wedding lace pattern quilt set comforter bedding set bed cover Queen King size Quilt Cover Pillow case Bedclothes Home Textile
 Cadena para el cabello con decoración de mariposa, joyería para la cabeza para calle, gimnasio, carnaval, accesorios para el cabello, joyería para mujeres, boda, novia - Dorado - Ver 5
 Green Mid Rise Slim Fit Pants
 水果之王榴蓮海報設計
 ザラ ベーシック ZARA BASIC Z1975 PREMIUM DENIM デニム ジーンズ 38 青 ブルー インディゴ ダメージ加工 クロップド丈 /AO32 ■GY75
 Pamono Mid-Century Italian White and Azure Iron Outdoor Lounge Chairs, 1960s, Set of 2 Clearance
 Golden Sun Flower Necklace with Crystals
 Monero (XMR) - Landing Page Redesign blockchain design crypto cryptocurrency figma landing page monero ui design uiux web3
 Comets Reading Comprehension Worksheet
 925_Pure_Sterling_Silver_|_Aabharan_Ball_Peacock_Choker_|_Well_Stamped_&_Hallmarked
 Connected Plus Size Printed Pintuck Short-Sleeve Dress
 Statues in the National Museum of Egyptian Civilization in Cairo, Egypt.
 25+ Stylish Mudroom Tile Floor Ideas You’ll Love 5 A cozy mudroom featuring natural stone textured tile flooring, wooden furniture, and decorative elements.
◇ ◇ ◇
▶ WHAT THE TASK REQUIRES:
Each line from the one containing "Statues in the" through the final line of the listing above should be returned exactly; return nothing else.

▶ SOLVED EXERCISE:
 Statues in the National Museum of Egyptian Civilization in Cairo, Egypt.
 25+ Stylish Mudroom Tile Floor Ideas You’ll Love 5 A cozy mudroom featuring natural stone textured tile flooring, wooden furniture, and decorative elements.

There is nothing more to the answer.